Brief descriptive captions:
Start of Block
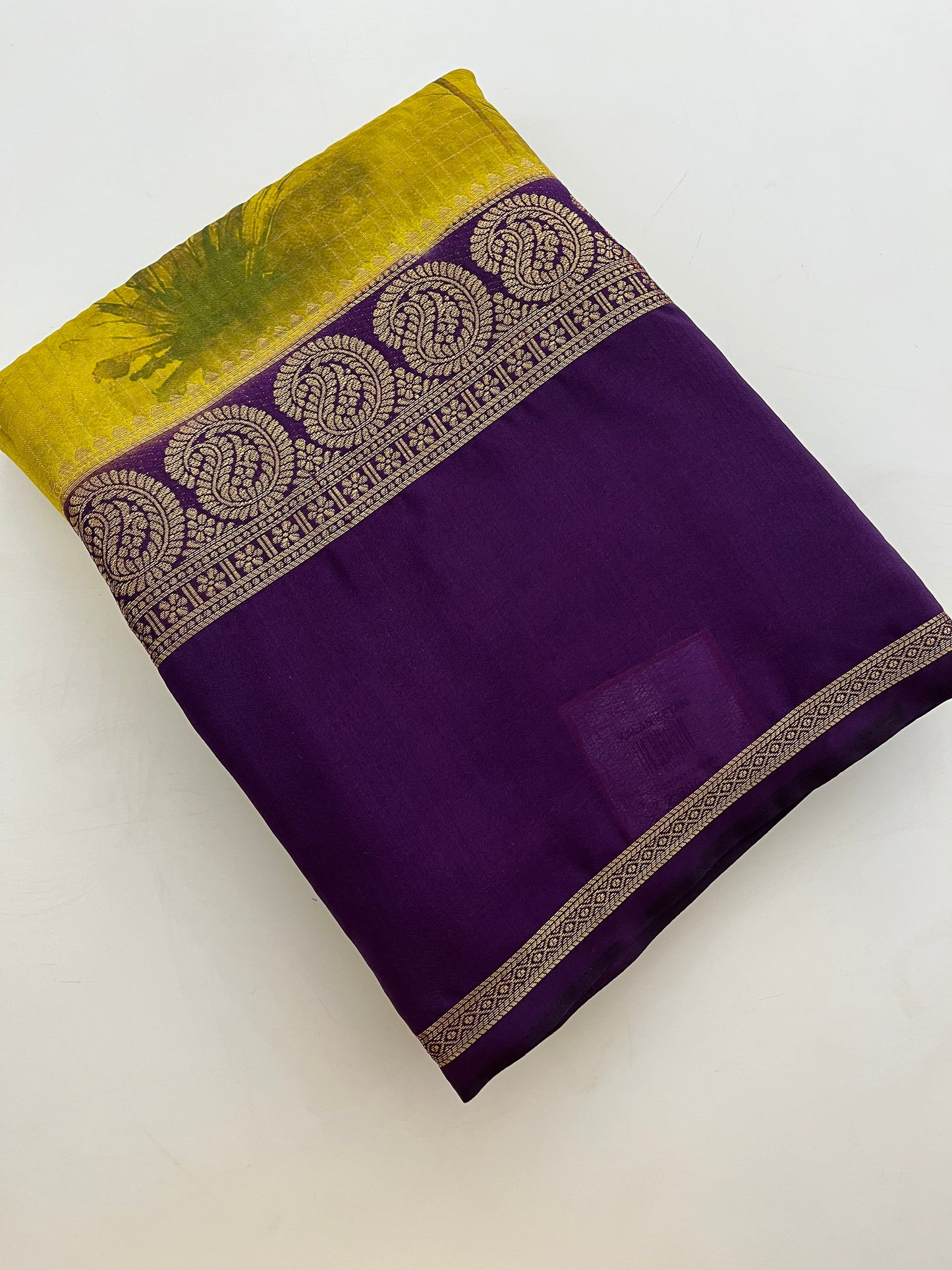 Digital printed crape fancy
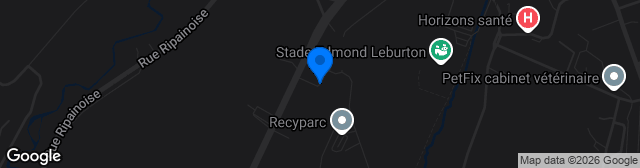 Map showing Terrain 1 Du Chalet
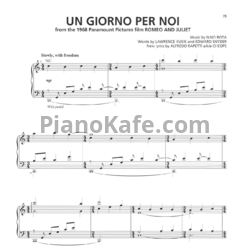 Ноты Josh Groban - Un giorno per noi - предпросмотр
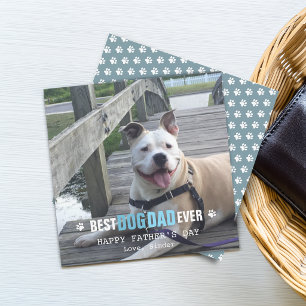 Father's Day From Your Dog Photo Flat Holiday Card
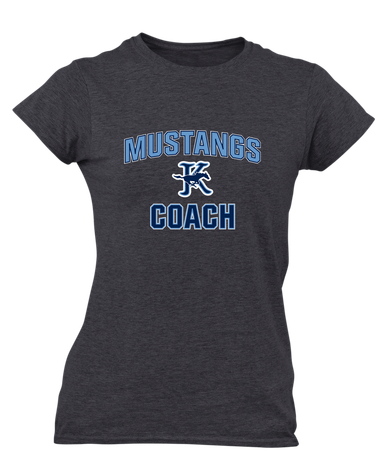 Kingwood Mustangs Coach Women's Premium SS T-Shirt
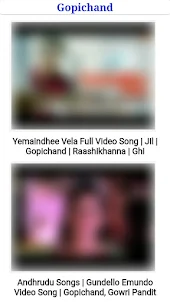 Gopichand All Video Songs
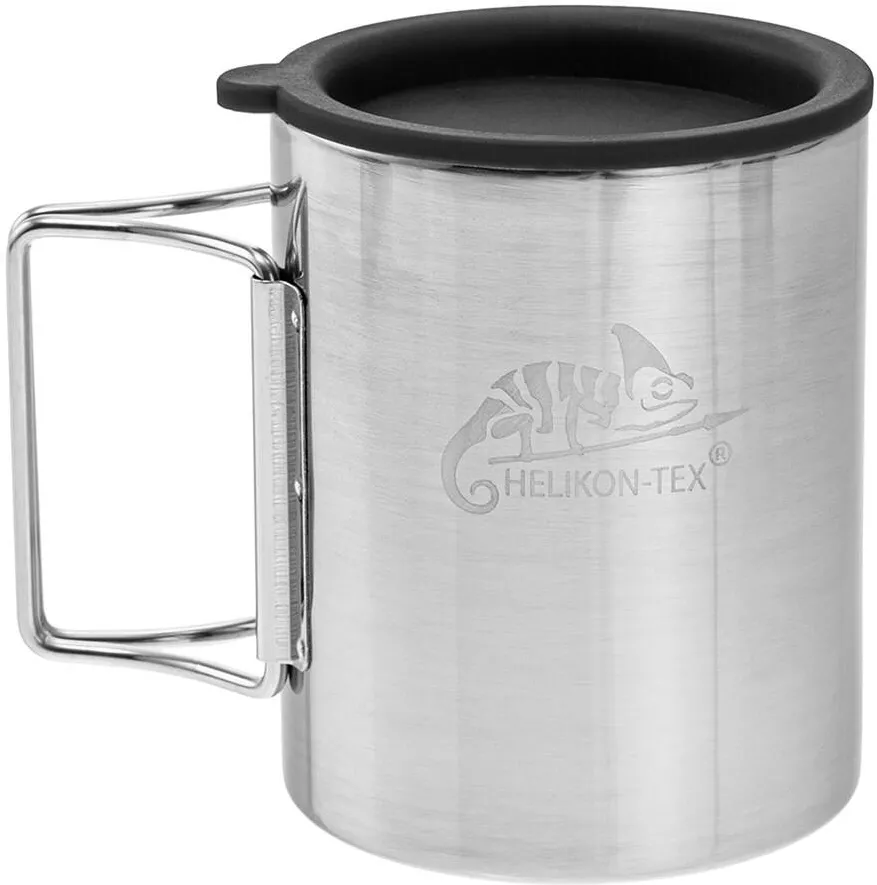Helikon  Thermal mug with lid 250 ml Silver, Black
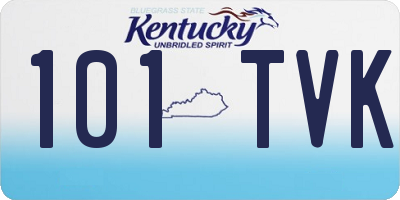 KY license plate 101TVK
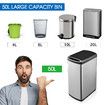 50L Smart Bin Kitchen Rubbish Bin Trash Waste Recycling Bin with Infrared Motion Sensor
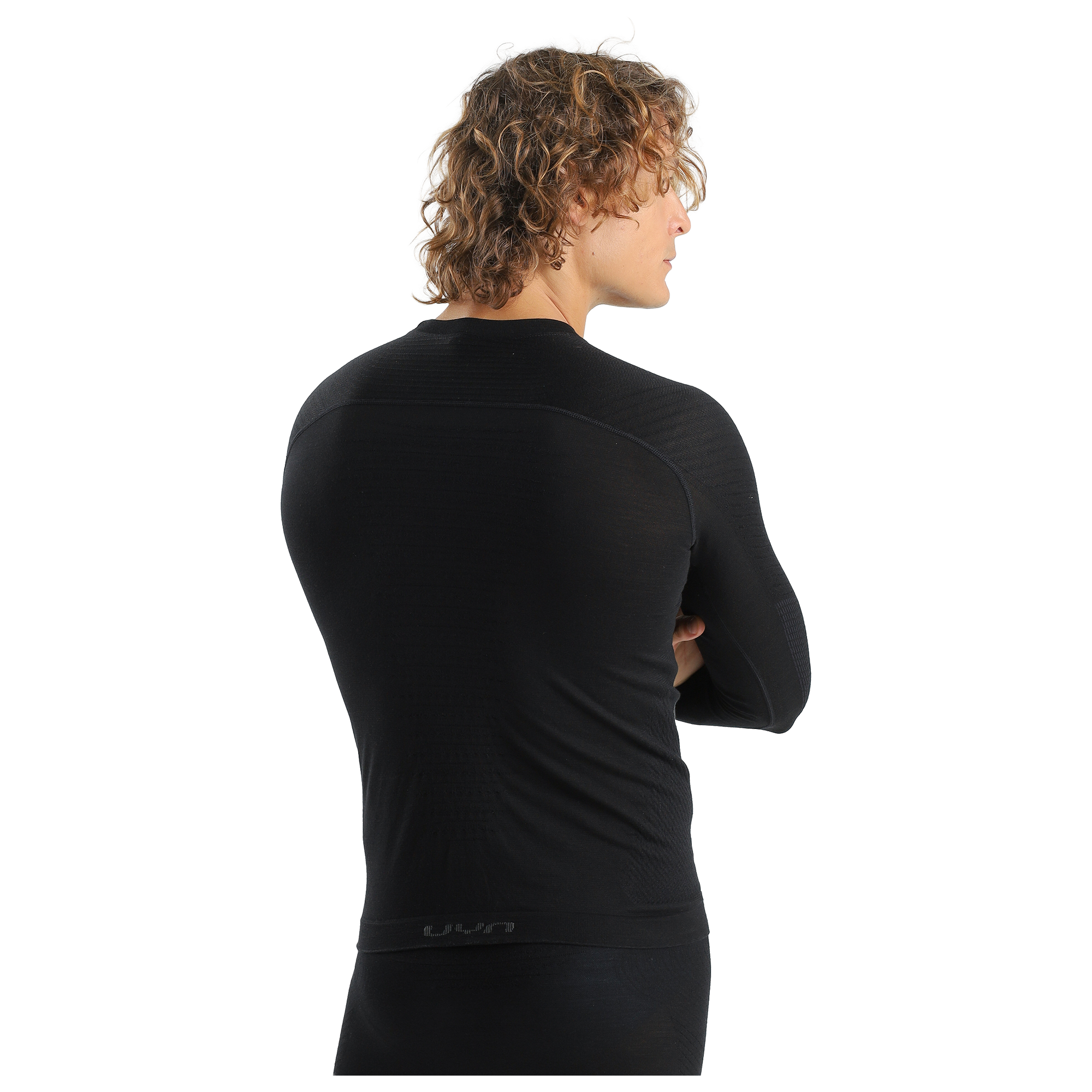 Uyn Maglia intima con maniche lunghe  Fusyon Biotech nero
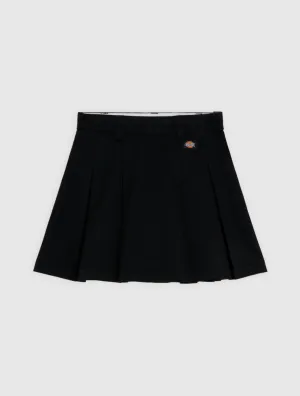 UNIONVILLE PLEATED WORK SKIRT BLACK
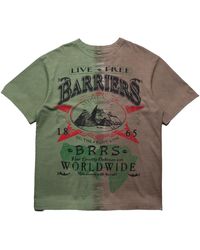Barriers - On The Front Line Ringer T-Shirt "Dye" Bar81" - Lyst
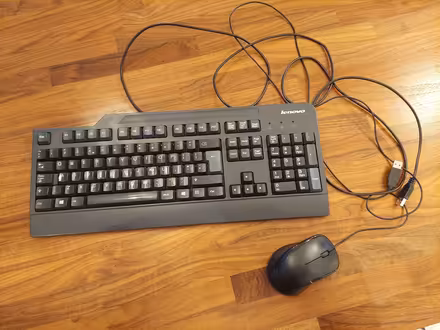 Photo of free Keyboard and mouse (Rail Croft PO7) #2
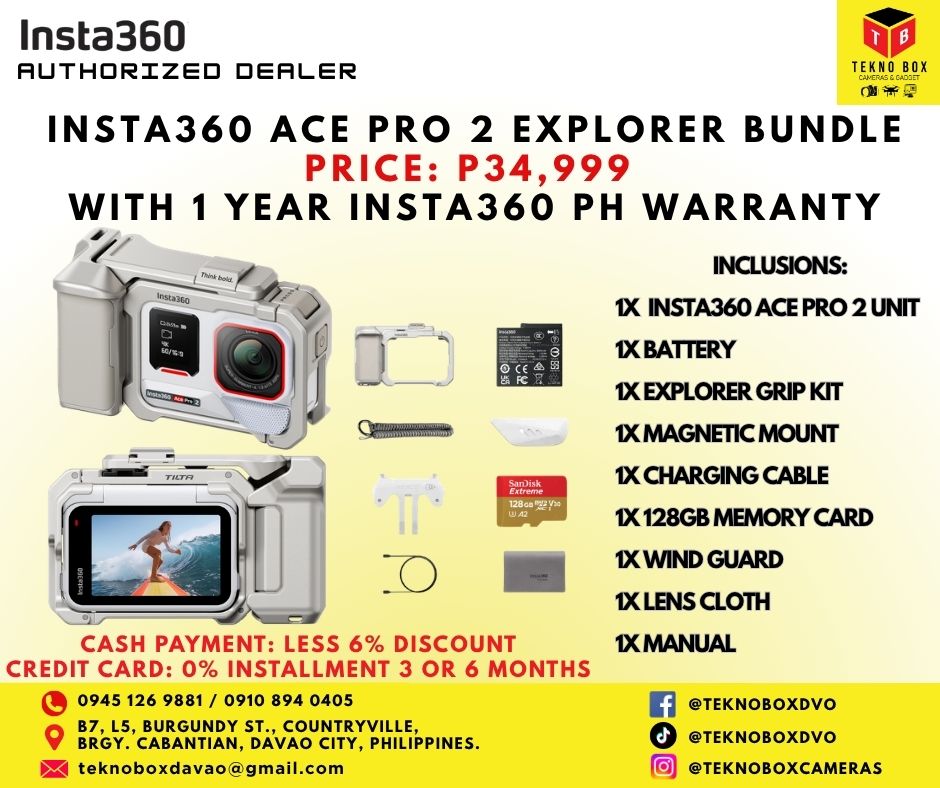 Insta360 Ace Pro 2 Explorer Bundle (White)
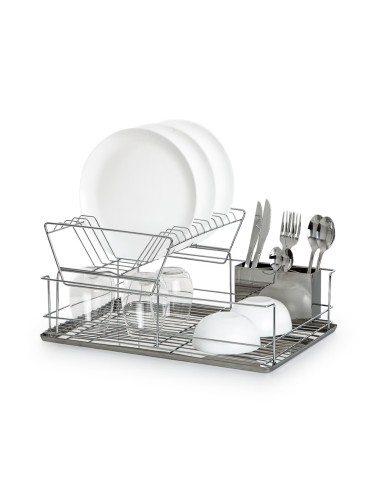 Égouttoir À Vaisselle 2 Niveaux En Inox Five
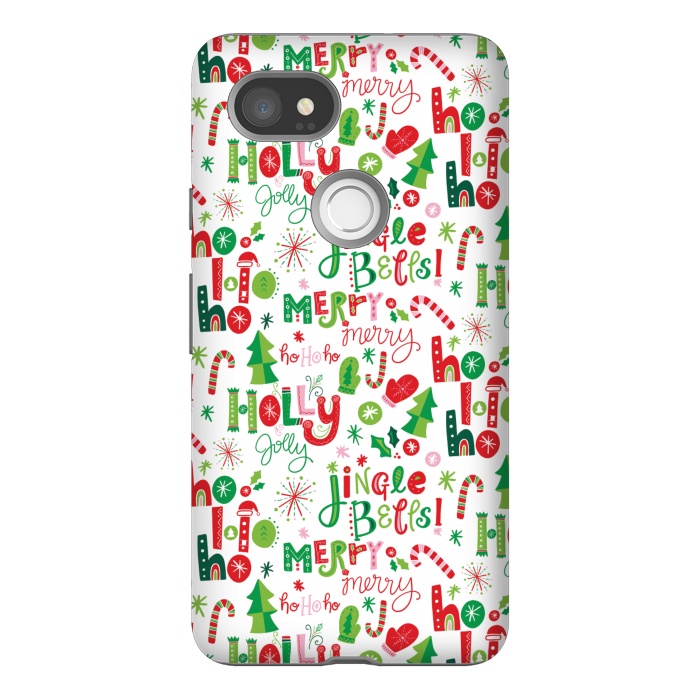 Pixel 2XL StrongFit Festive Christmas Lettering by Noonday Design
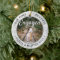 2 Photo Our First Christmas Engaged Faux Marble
End of Block
Exact copy, pictures excluded: print only the lines from the line containing "Map showing Terrain 1 Du Chalet" through the end of the records.

 Map showing Terrain 1 Du Chalet
 Ноты Josh Groban - Un giorno per noi - предпросмотр
 Father's Day From Your Dog Photo Flat Holiday Card
 Kingwood Mustangs Coach Women's Premium SS T-Shirt
 Gopichand All Video Songs
Helikon  Thermal mug with lid 250 ml Silver, Black
 KY license plate 101TVK
 50L Smart Bin Kitchen Rubbish Bin Trash Waste Recycling Bin with Infrared Motion Sensor
 Uyn Maglia intima con maniche lunghe  Fusyon Biotech nero
 UNIONVILLE PLEATED WORK SKIRT BLACK
Barriers - On The Front Line Ringer T-Shirt "Dye" Bar81" - Lyst
 Photo of free Keyboard and mouse (Rail Croft PO7) #2
 Insta360 Ace Pro 2 Explorer Bundle (White)
 Égouttoir À Vaisselle 2 Niveaux En Inox Five
 Pixel 2XL StrongFit Festive Christmas Lettering by Noonday Design
 2 Photo Our First Christmas Engaged Faux Marble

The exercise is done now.